* Work required:
When you reach the line with "Softll Bow Women", transcribe it and each line after it through the last one below, exactly. Pictures stay out.

* Data items:
BEGIN
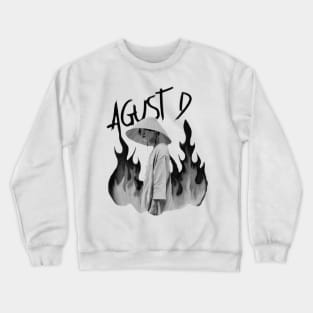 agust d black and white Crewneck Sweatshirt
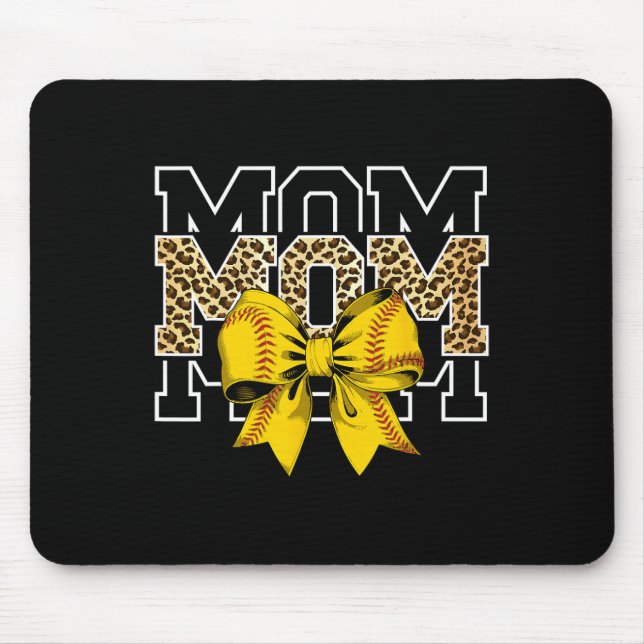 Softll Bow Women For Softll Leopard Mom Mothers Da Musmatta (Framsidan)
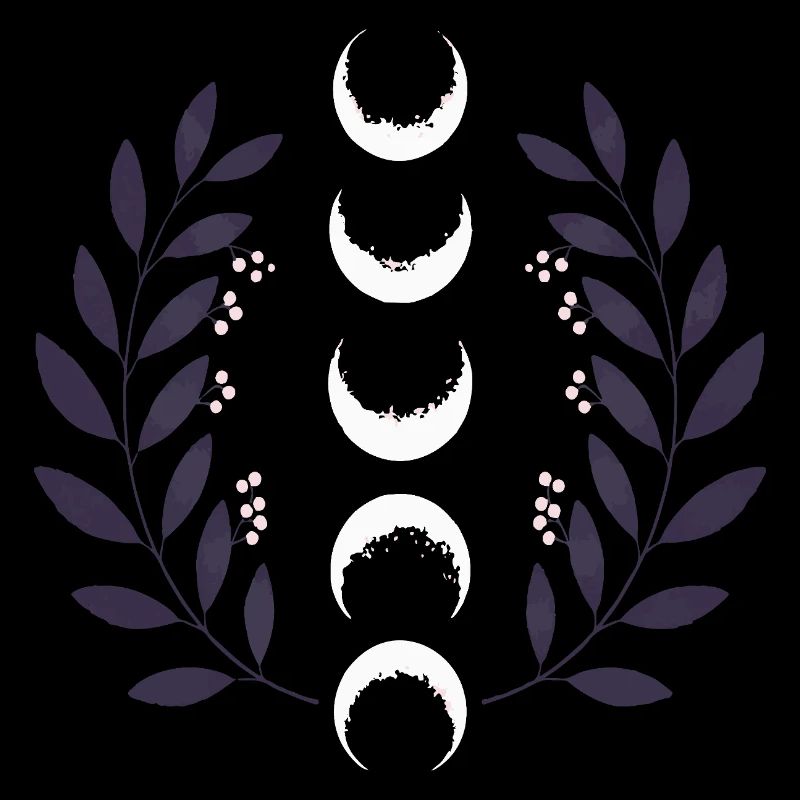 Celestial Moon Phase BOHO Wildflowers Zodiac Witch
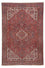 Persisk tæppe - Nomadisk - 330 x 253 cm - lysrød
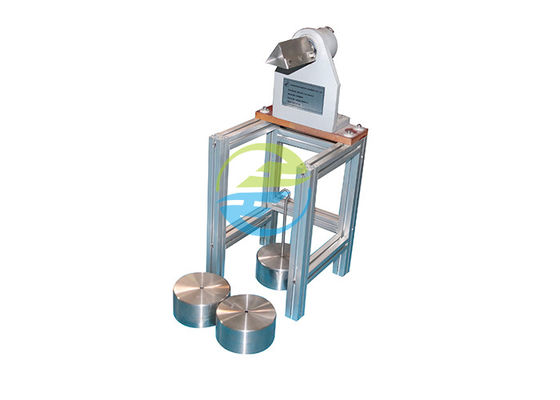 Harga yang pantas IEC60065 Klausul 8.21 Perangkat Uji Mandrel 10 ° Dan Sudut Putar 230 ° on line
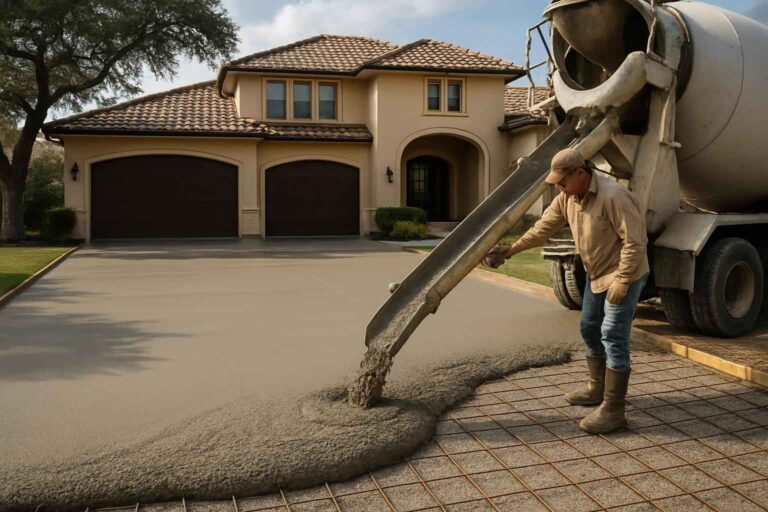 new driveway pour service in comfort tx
END
* Response:
 Softll Bow Women For Softll Leopard Mom Mothers Da Musmatta (Framsidan)
 Celestial Moon Phase BOHO Wildflowers Zodiac Witch
 Persisk tæppe - Nomadisk - 330 x 253 cm - lysrød
 Harga yang pantas IEC60065 Klausul 8.21 Perangkat Uji Mandrel 10 ° Dan Sudut Putar 230 ° on line
 new driveway pour service in comfort tx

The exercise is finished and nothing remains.